Quality assessments of randomized controlled trials: an evaluation by the Chalmers versus the Jadad method

Article type
Year
Authors
Ohlsson A, Lacy JB
Abstract
Introduction: More than 25 scales to assess the quality of randomized controlled trials (RCTs) have been published (Moher D. et al. Control Clin Trials 1995;l6:62), but only one has been validated (range of score: 1 - 5) (Jadad A.R., D Phil Thesis, University of Oxford, 1994). One commonly used scale (range of score: 0.0 - 1.0) (Chalmers T.C. et al. Control Clin Trials 1981;2:31) has been criticized as no correlation between quality score and effect size was found in one study (Emerson J.D. et al. Control Clin Trials 1990;11:339).
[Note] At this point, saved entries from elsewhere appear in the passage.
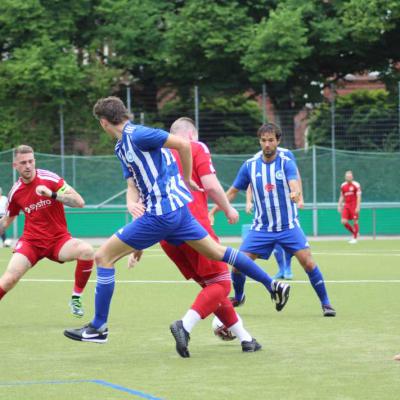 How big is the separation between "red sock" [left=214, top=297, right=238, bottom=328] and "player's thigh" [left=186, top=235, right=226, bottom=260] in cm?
40

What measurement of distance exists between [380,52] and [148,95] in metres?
7.67

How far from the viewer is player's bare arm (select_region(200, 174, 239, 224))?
901 cm

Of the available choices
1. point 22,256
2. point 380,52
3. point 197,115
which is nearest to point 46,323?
point 22,256

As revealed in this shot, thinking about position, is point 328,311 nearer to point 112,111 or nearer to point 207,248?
point 207,248

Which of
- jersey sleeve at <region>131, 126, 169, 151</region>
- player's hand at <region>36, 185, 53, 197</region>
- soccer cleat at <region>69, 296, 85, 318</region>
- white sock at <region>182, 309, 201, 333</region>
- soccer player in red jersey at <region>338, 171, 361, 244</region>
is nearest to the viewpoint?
jersey sleeve at <region>131, 126, 169, 151</region>

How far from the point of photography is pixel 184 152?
8430 mm

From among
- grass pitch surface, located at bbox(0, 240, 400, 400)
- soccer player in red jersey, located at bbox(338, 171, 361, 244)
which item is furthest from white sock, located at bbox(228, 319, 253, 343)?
soccer player in red jersey, located at bbox(338, 171, 361, 244)

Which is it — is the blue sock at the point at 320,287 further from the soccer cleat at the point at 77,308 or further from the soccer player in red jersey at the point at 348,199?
the soccer player in red jersey at the point at 348,199

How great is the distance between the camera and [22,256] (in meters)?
11.1

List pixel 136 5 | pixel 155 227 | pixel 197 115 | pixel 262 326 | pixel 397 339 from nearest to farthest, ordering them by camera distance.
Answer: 1. pixel 155 227
2. pixel 397 339
3. pixel 262 326
4. pixel 197 115
5. pixel 136 5

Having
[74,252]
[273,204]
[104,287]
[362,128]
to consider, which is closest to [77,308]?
[74,252]

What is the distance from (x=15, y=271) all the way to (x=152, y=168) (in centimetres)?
302

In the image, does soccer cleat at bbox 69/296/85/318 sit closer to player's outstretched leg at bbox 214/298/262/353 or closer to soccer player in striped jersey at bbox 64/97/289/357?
soccer player in striped jersey at bbox 64/97/289/357

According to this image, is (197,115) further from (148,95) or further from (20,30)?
(20,30) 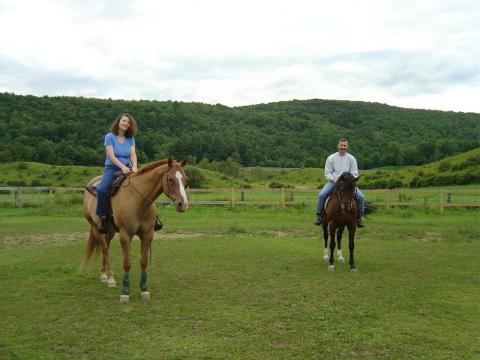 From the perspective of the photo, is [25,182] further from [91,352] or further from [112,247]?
[91,352]

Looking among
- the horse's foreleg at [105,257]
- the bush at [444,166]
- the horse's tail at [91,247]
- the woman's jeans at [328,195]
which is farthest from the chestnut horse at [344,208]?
the bush at [444,166]

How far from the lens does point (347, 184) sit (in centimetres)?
878

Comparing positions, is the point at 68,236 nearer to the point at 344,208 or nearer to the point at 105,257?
the point at 105,257

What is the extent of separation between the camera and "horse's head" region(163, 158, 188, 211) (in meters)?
6.09

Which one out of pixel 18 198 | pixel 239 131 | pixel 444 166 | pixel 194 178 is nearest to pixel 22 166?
pixel 194 178

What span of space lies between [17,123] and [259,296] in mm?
68460

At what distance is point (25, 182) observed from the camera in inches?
1734

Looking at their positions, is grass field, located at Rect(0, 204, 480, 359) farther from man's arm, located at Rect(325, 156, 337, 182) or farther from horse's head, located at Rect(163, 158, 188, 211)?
man's arm, located at Rect(325, 156, 337, 182)

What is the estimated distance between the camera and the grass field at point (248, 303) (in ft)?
15.2

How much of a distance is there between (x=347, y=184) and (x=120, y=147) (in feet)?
14.7

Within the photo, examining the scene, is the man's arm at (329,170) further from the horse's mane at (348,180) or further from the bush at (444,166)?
the bush at (444,166)

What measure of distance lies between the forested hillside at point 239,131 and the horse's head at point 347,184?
52.1m

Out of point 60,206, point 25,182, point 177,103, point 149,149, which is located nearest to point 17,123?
point 149,149

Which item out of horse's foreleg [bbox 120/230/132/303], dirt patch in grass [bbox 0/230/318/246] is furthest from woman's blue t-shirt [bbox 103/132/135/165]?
dirt patch in grass [bbox 0/230/318/246] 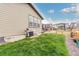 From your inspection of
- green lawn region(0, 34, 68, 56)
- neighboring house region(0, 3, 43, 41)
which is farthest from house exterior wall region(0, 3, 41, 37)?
green lawn region(0, 34, 68, 56)

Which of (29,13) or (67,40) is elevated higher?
(29,13)

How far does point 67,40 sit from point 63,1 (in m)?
0.63

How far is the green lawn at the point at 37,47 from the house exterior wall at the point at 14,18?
0.17m

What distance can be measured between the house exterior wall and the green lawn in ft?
0.56

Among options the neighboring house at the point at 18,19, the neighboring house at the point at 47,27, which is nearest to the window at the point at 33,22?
the neighboring house at the point at 18,19

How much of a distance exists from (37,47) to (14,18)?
58cm

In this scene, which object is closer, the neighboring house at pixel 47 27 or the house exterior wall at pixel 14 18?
the house exterior wall at pixel 14 18

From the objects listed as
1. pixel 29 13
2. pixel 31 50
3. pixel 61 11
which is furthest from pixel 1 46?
pixel 61 11

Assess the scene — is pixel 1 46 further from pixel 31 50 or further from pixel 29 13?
pixel 29 13

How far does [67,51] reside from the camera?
9.59 ft

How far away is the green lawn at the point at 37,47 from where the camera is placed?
112 inches

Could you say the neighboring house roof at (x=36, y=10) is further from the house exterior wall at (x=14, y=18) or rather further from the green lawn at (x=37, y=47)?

Objective: The purpose of this study was to apply the Jadad method (developed for quality assessment of RCTs in pain relief) to 33 perinatal RCTs (that could have been double blinded), that we had previously assessed by the Chalmers method, and to evaluate the correlation between the two scores.

Methods: We obtained consensus quality scores on 51 perinatal RCTs using the Chalmers method as part of 4 critical overviews [Ohisson A. Am J Obstet Gynecol 1989;l 60:890, Ohisson A., Lacy J.B., J Cur Opinion Pediatr 1993:5:1142, Ohisson A., Myhr T. Am J Obstet Gynecol 1994;170:910, Lacy J.B., Ohisson A. Arch Dis Child 1995 (in press)]. The same trials (excluding 18 that could not be double blinded) were then scored independently by the 2 authors using the Jadad method. The quality scores assigned to the 33 trials using the Jadad method were compared between the 2 researchers using the intra-class correlation coefficient (ICC). In case of disagreement a final quality score was obtained by consensus. ICC had previously been calculated for the scores obtained in the 4 overviews using the Chalmers method. The Spearman Correlation Coefficient (SCC) was used to determine the correlation between the consensus quality scores for the 2 methods.

Results: In the 4 published overviews the ICC for agreement between the reviewers using the Chalmers method ranged from 0.83 - 0.98. The ICC using the Jadad method in this study was 0.96. The SCC was 0.84 (p=0.0001). Fourteen RCTs scored only 1 point on the Jadad scale; on the Chalmers scale their scores ranged from 0.25 - 0.66. We found the Jadad method to be much less time consuming than the Chalmers method - approximately 5 vs. 60 minutes for each quality assessment. We experienced difficulty in interpreting some of the instructions for both scales.

Discussion: As the SCC was high, both scales seem to be appropriate for quality assessments of perinatal trials that can be double blinded. Instructions for both scales need to be more explicit. Comparisons of quality scores obtained by either method to effect size should be made. Methods to evaluate the quality of RCTs that cannot be double blinded need to be developed.